** Task to complete **
An exact transcription of all the records is required, minus the images.

(Exercise inputs begins)

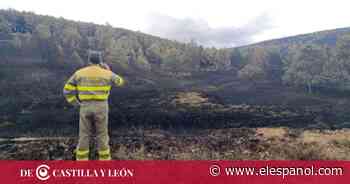 Funcionarios de la Delegación Territorial de Zamora desvelan "las carencias" del operativo contra incendios de Zamora - EL ESPAÑOL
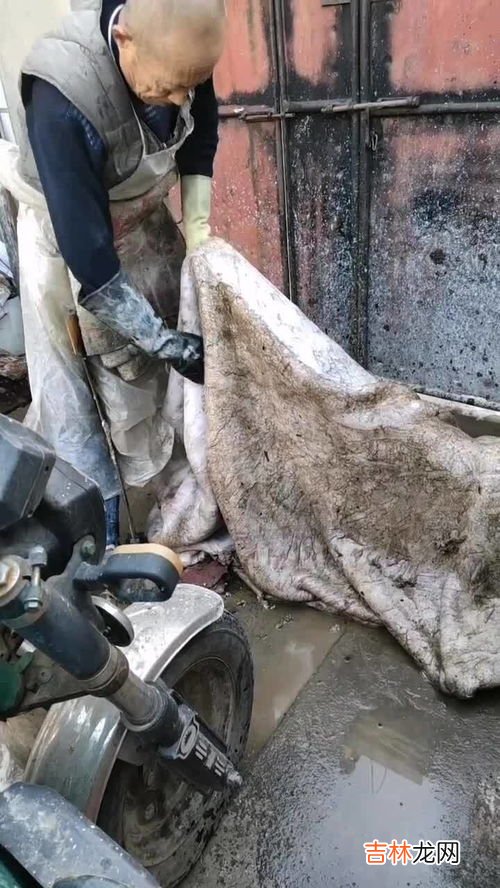 家庭土法用什么熟皮子,熟皮子的操作方法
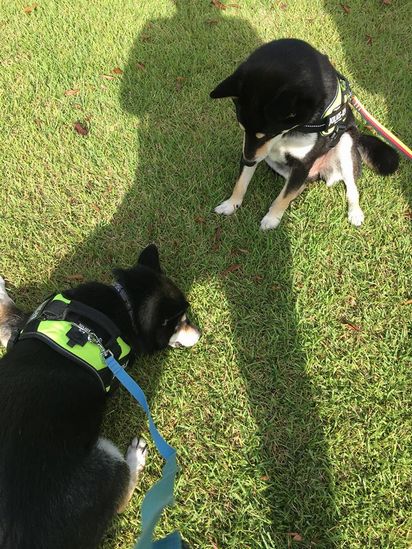 f:id:peko0421:20161010115938j:plain f:id:peko0421:20161010115938j:plain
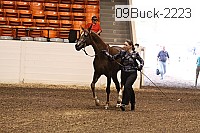 09buck-2223 proof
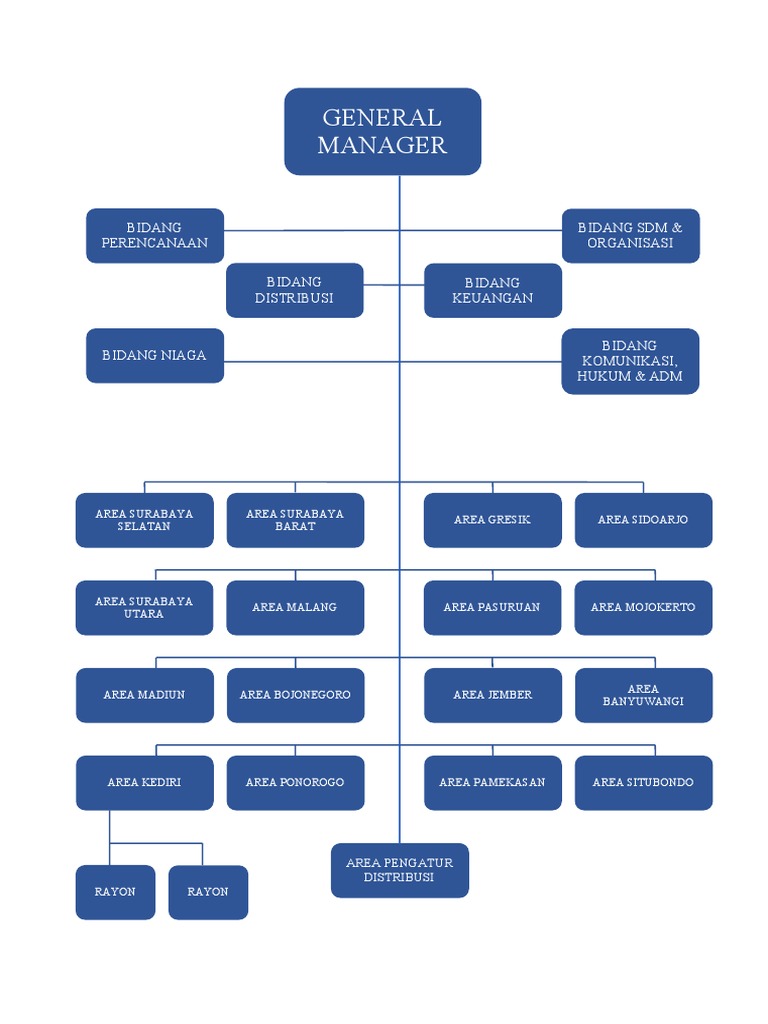 Struktur Organisasi Pln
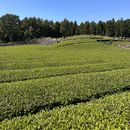 tea field trip 's picture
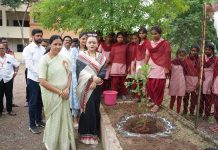 पर्यावरण रक्षणार्थ धरा वृक्षारोपणाचा ध्यास : समाज सेविका व चेअरमन समृद्धी सहकारी बँक नांदगाव सौ.अंजुमताई कांदे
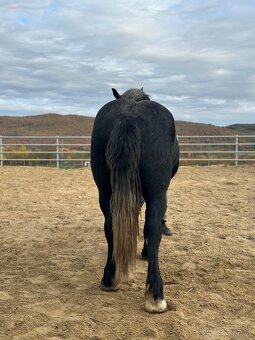 Valach na predaj - percheron - 8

(Exercise inputs ends)

** Finished task **
 Funcionarios de la Delegación Territorial de Zamora desvelan "las carencias" del operativo contra incendios de Zamora - EL ESPAÑOL
 家庭土法用什么熟皮子,熟皮子的操作方法
 f:id:peko0421:20161010115938j:plain f:id:peko0421:20161010115938j:plain
 09buck-2223 proof
 Struktur Organisasi Pln
 tea field trip 's picture
 पर्यावरण रक्षणार्थ धरा वृक्षारोपणाचा ध्यास : समाज सेविका व चेअरमन समृद्धी सहकारी बँक नांदगाव सौ.अंजुमताई कांदे
 Valach na predaj - percheron - 8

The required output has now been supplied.